§ Task instructions
Look below for the line that contains "Disney Mini casa" and the line that contains "HERO HONDA SPLENDER 2010", then restate both of them and every line in between, exactly. No picture goes in the copy.

§ Provided data
● ● ● ● ●

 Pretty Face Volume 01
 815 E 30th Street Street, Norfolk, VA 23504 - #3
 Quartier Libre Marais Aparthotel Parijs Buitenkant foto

● ● ● ● ●

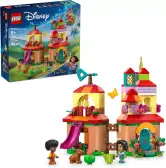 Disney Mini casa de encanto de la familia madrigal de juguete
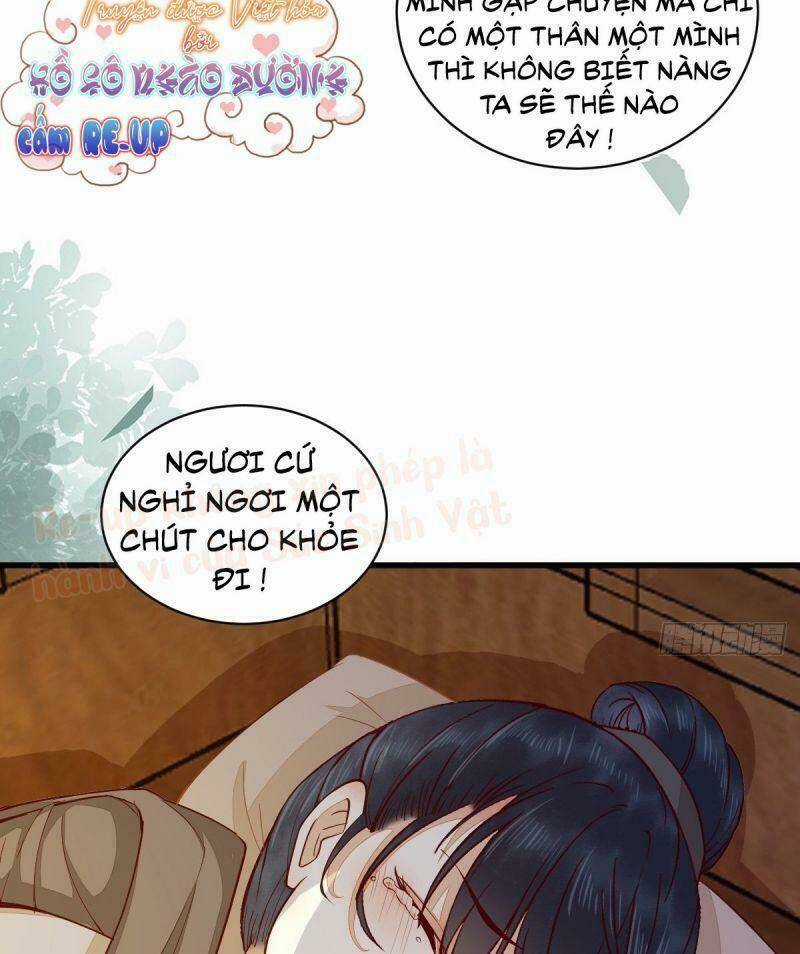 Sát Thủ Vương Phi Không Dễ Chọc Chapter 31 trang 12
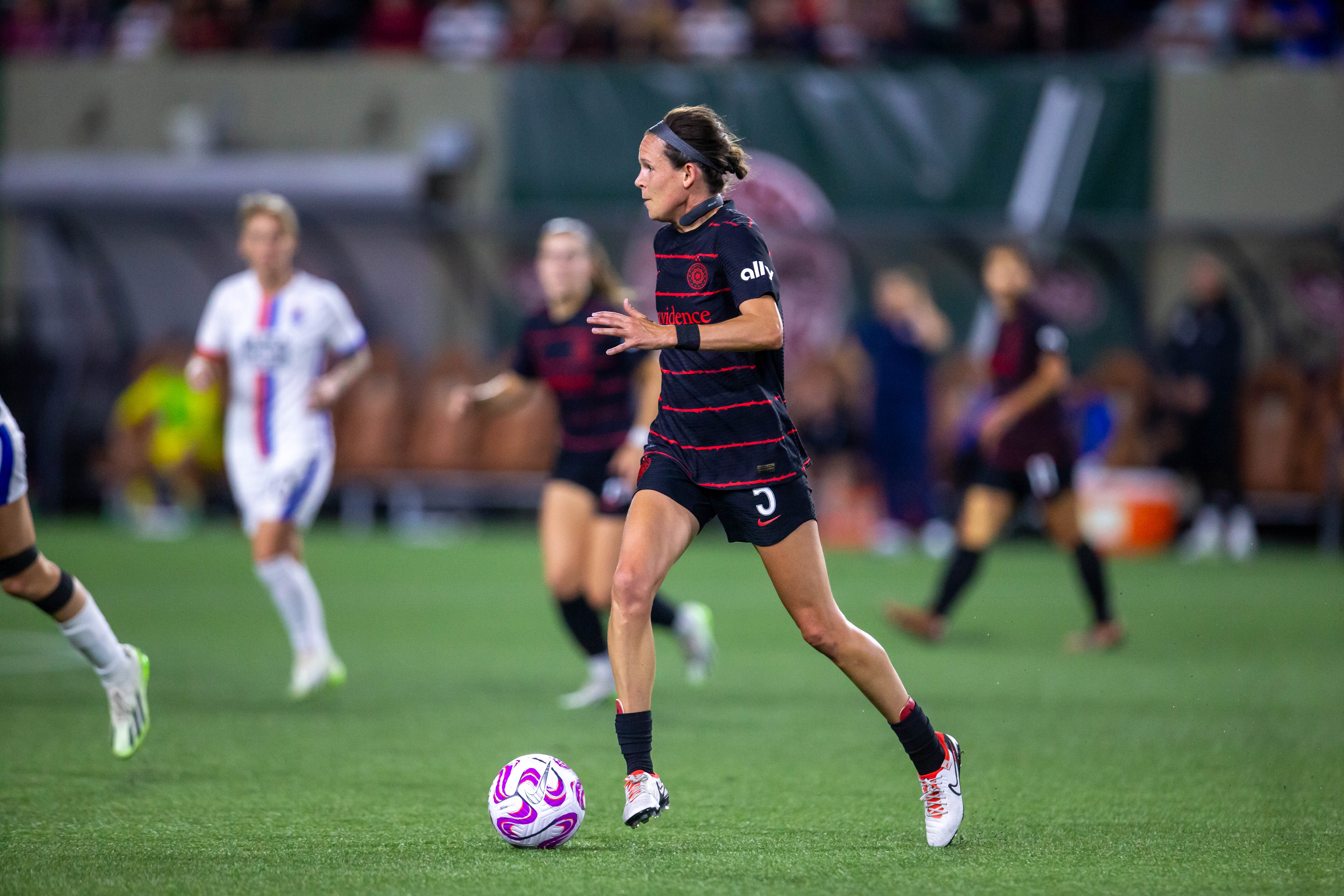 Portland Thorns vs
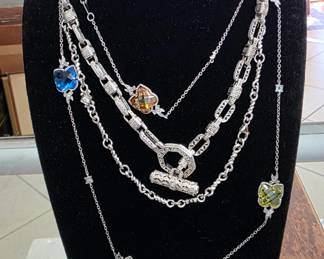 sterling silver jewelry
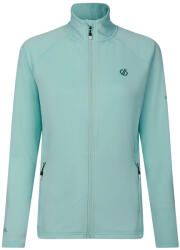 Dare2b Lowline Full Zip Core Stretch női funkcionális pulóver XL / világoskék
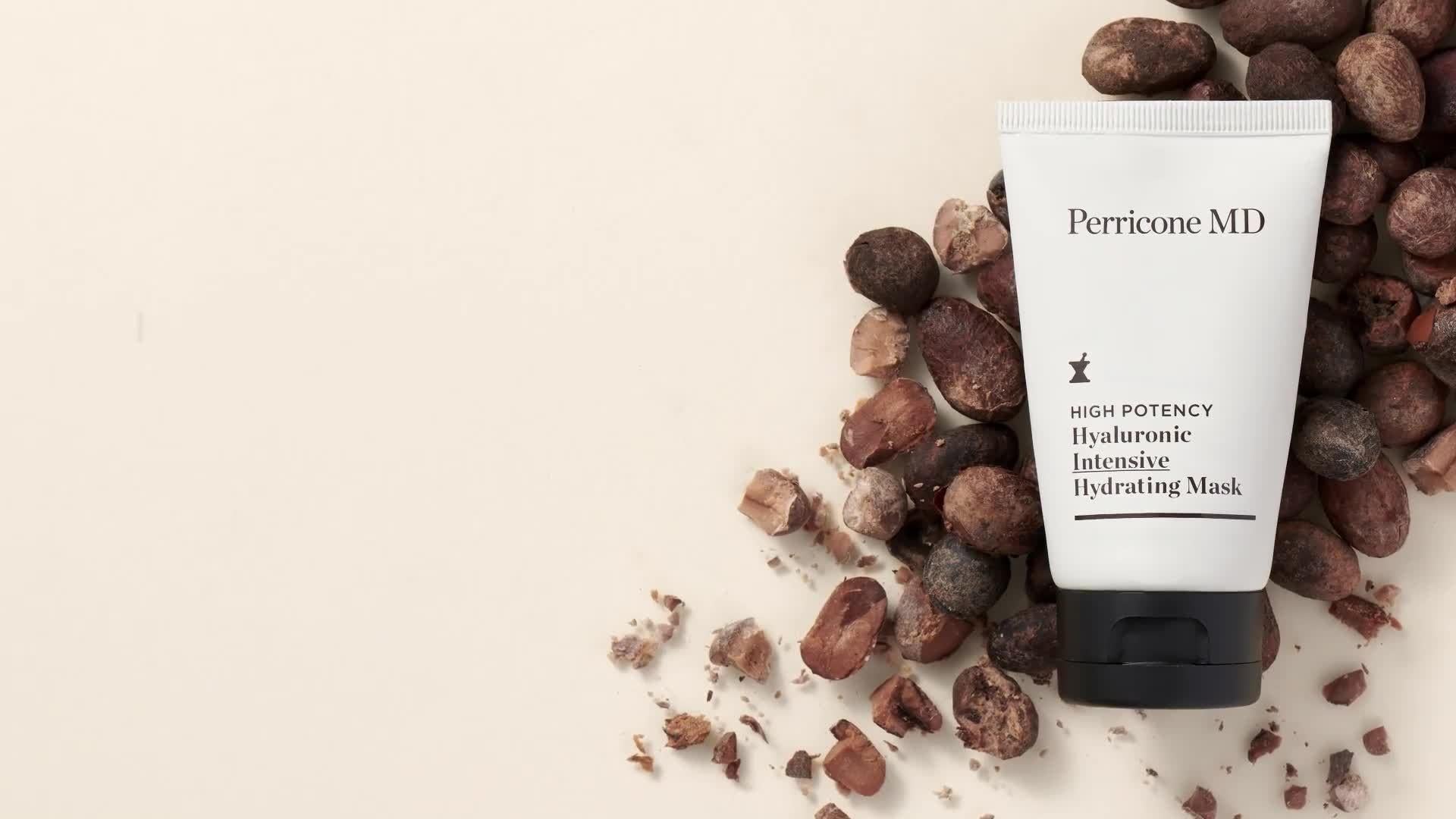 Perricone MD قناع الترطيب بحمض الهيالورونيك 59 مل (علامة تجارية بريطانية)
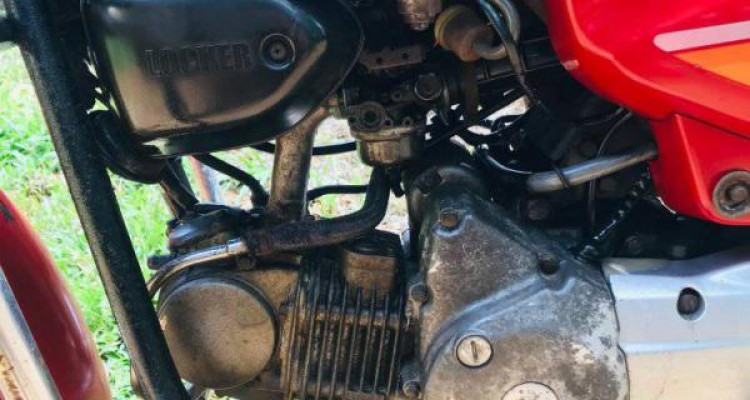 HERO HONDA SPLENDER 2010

● ● ● ● ●

§ Result of the exercise
 Disney Mini casa de encanto de la familia madrigal de juguete
 Sát Thủ Vương Phi Không Dễ Chọc Chapter 31 trang 12
 Portland Thorns vs
 sterling silver jewelry
 Dare2b Lowline Full Zip Core Stretch női funkcionális pulóver XL / világoskék
 Perricone MD قناع الترطيب بحمض الهيالورونيك 59 مل (علامة تجارية بريطانية)
 HERO HONDA SPLENDER 2010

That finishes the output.